MARTIN ARGUES THAT IT SHOULD HAVE BEEN CONSIDERED AN LSA CONCERN. MARTIN'S OPINION, THE CRITICAL TIME WITH RESPECT TO LSA CLASSIFICATION IS THE TIME OF AWARD, NOT BID OPENING. IN THIS CONNECTION, MARTIN ARGUES THAT, OTHER THAN THE CERTIFICATION IN THE BID THAT THE REQUISITE AMOUNT OF MANUFACTURING WOULD BE PERFORMED IN A LABOR SURPLUS AREA, OTHER INFORMATION ON LSA ELIGIBILITY IS A MATTER OF RESPONSIBILITY WHICH CAN BE FURNISHED ANY TIME BEFORE AWARD. THUS, IN MARTIN'S OPINION, THERE WAS NO NEED FOR WEAKLEY COUNTY TO BE INCLUDED ON THE LSA LIST AT THE TIME OF BID OPENING SO LONG AS IT WAS ON THE LIST BY THE TIME OF AWARD.

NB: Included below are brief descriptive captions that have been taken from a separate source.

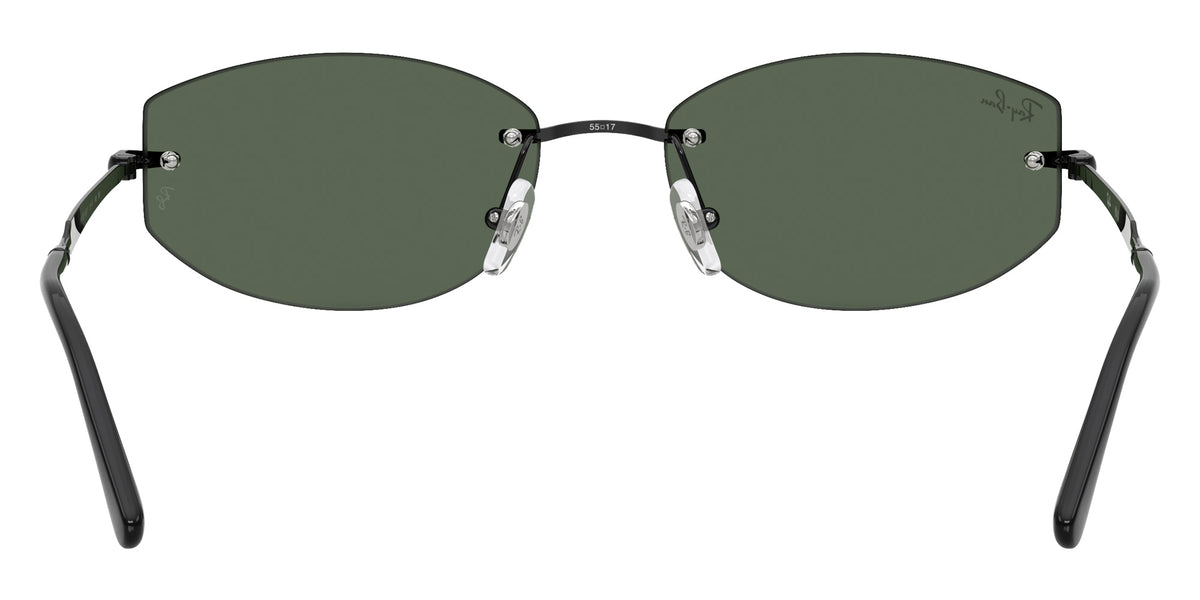Ray-Ban RB3792 002/71 55 - Black / Dark Green #id:rb379200271_s:112115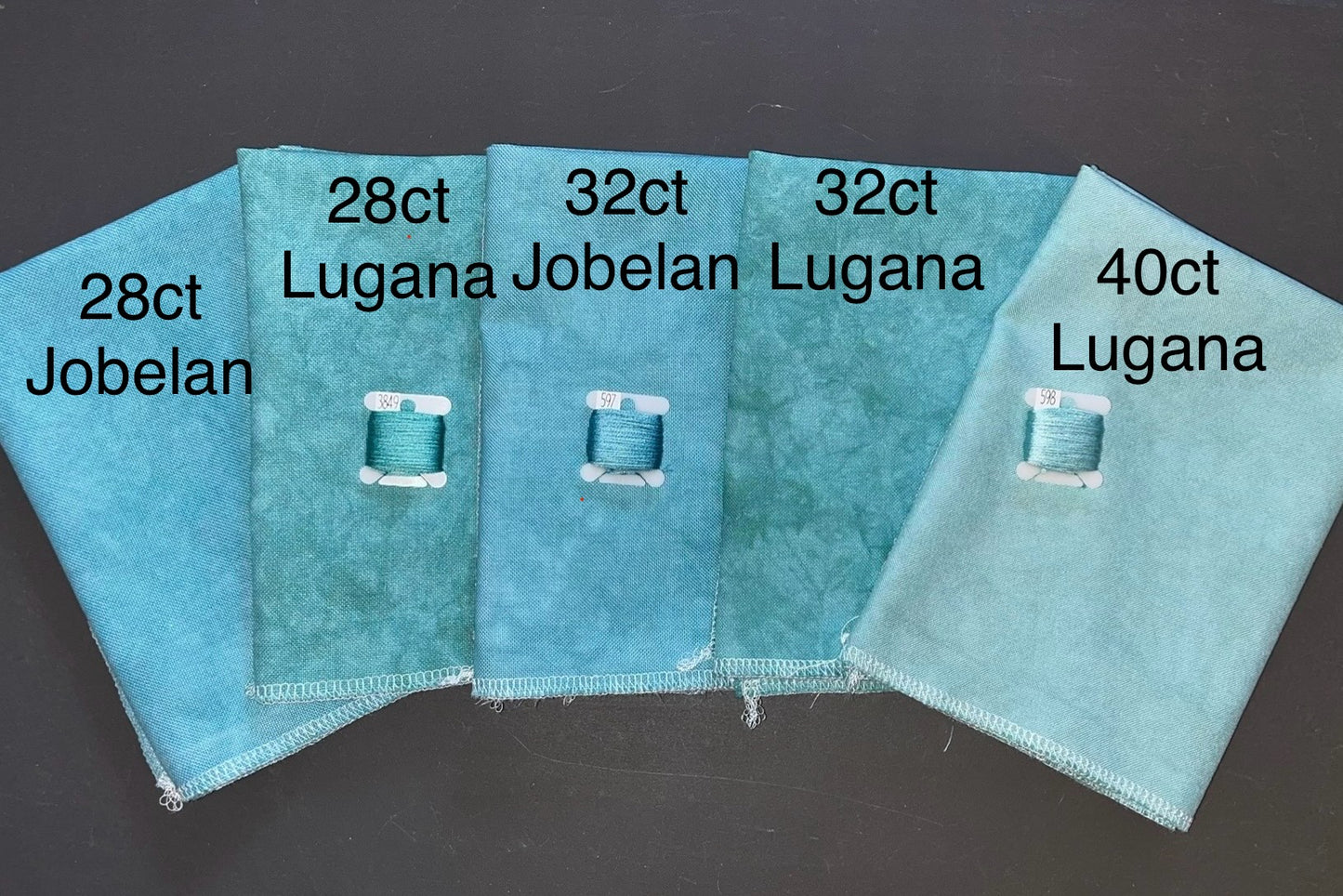 32ct lugana - 18x27 - March 2024 FOTM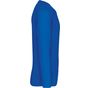 kariban T-shirt homme manches longues encolure ronde light_royal_blue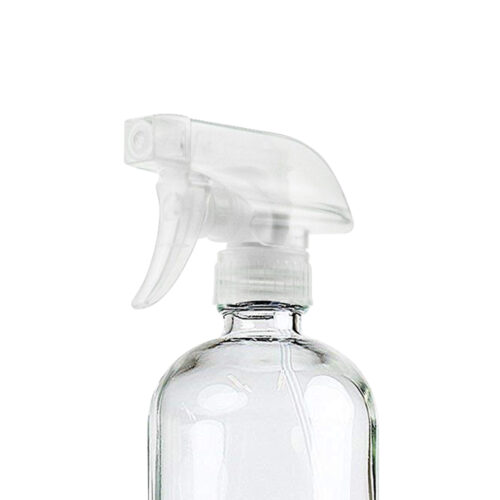 4x 500ml Clear Glass Spray Bottles Trigger - Image 5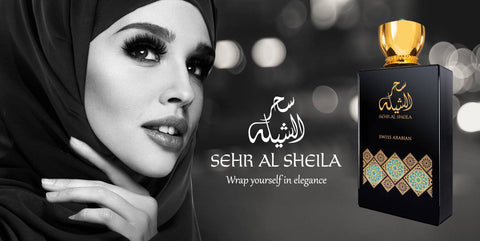 Sehr Al Sheila EDP- 100ML (3.4 oz) by Swiss Arabian - Intense oud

ALTERNATIVELY, MARTIN CLAIMS THAT, FOR ALL PRACTICAL PURPOSES, WEAKLEY COUNTY WAS ON THE LSA LIST AT THE TIME OF BID OPENING. THE ANNOUNCEMENT OF WEAKLEY COUNTY'S ADDITION TO THE LIST WAS PUBLISHED IN THE FEDERAL REGISTER ON THE VERY DAY BIDS WERE OPENED AND, EVEN THOUGH THIS NOTICE STATED THAT THE EFFECTIVE DATE FOR CHANGES TO THE LIST WAS APRIL 1, 1982, THE NOTICE ALSO INDICATED THAT THE ACTUAL DETERMINATION TO ADD WEAKLEY COUNTY AND THE OTHER LOCATIONS TO THE LIST HAD BEEN MADE ON MARCH 18, 1982. IN MARTIN'S OPINION, IT IS A MATTER OF FORM OVER SUBSTANCE FOR DLA TO REFUSE TO RECOGNIZE MARTIN'S LSA STATUS UNDER THE FACTS PRESENTED - MARTIN HAD COMMITTED ITSELF TO PERFORM 100 PERCENT OF THE WORK IN A LABOR SURPLUS AREA, AND THE PROPOSED SITE FOR PERFORMANCE WAS, EXCEPT FOR PROCEDURAL TECHNICALITIES, ACCEPTED BY THE DEPARTMENT OF LABOR AS A LABOR SURPLUS AREA.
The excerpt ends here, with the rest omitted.